- **TASK REQUIREMENTS**: All records, exactly as written, minus the pictures: copy them out.

- **Short web captions**:
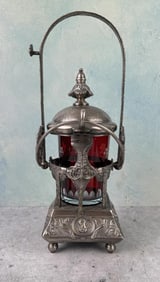 Victorian Wilcox Ruby Silver Plate Pickle Castor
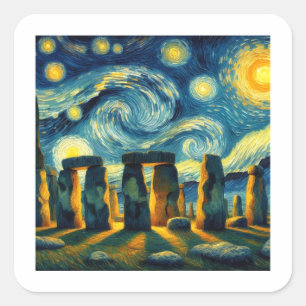 Sticker Carré Starry Night Stonehenge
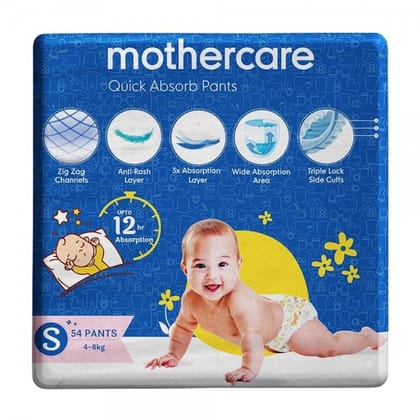 Mothercare Quick Absorb Diaper Pants for Babies, Small (4-8 Kg, 54 Count, Anti Rash Layer, Wide Absorption Area, 1 count)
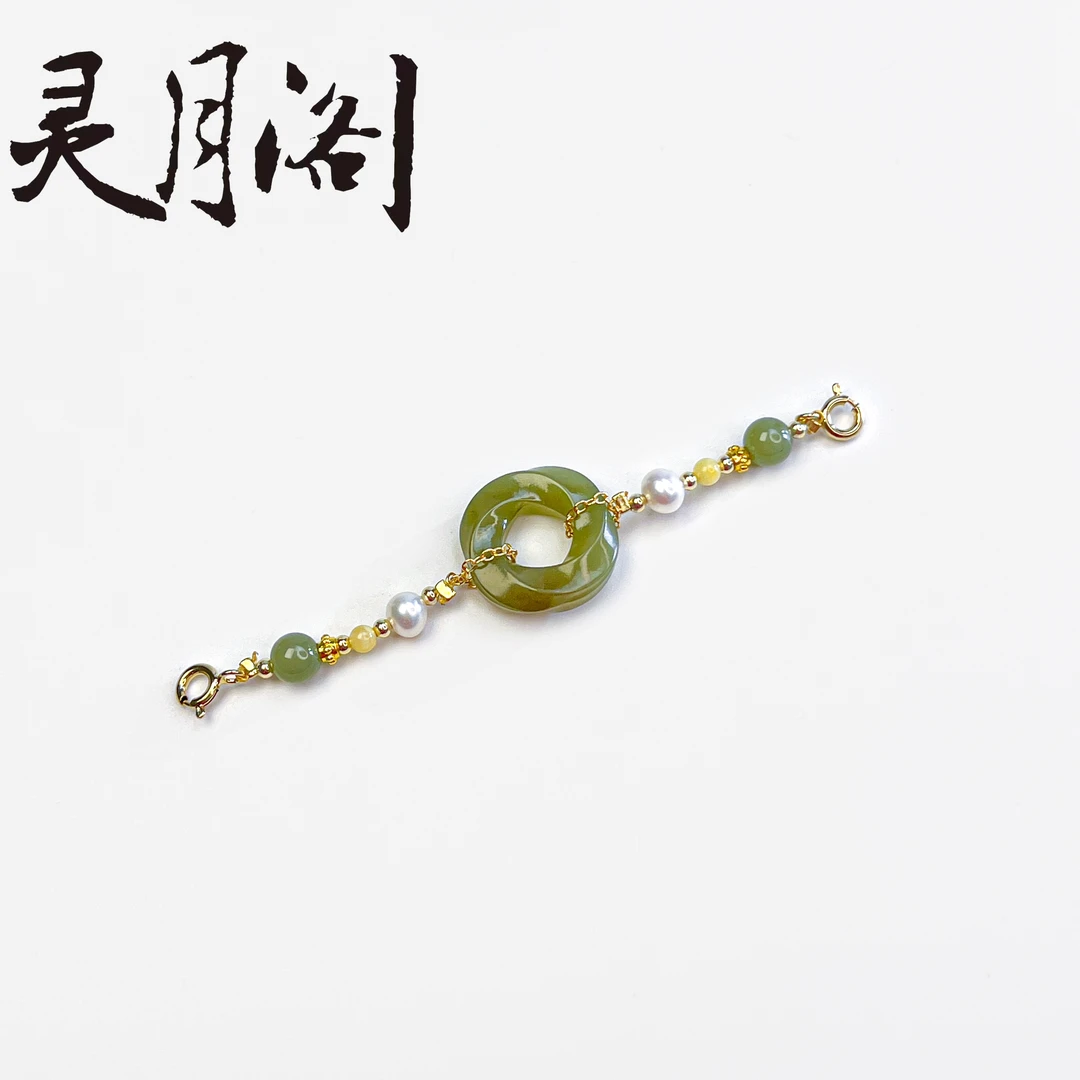 天然和田玉吊坠甜甜圈碧岫挂件OAm多样性发其一 FYG-C313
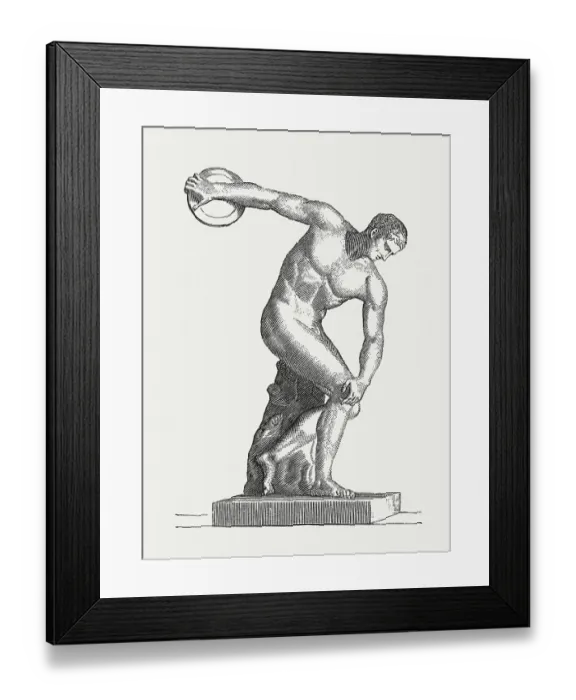 Framed Print : Discus thrower, ancient sculpture, wood engraving, published in 1881 Framed Print : Discus thrower, ancient sculpture, wood engraving, published in 1881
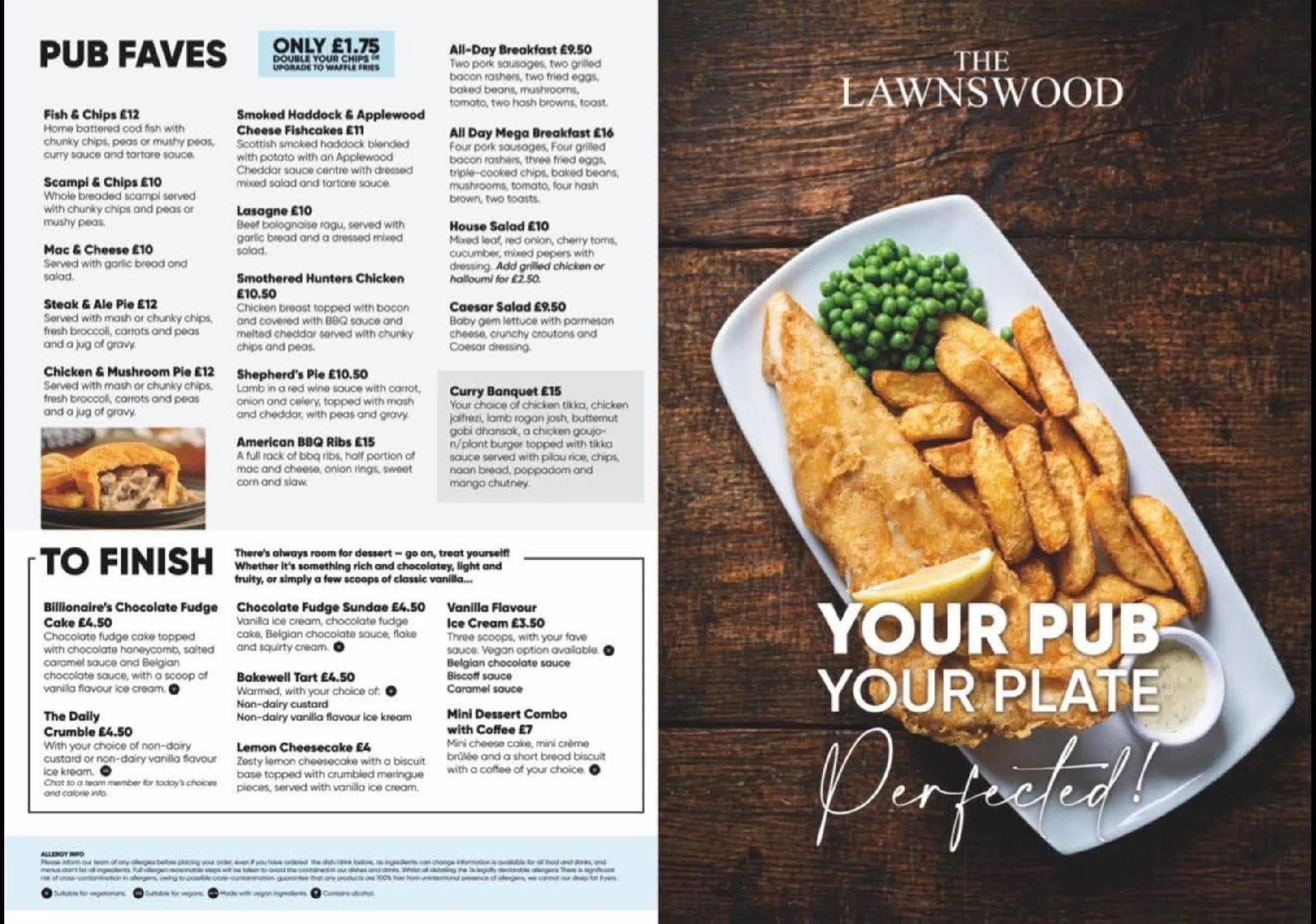 The Lawnswood menu, page 2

- **SOLUTION**:
 Victorian Wilcox Ruby Silver Plate Pickle Castor
 Sticker Carré Starry Night Stonehenge
 Mothercare Quick Absorb Diaper Pants for Babies, Small (4-8 Kg, 54 Count, Anti Rash Layer, Wide Absorption Area, 1 count)
 天然和田玉吊坠甜甜圈碧岫挂件OAm多样性发其一 FYG-C313
 Framed Print : Discus thrower, ancient sculpture, wood engraving, published in 1881 Framed Print : Discus thrower, ancient sculpture, wood engraving, published in 1881
 The Lawnswood menu, page 2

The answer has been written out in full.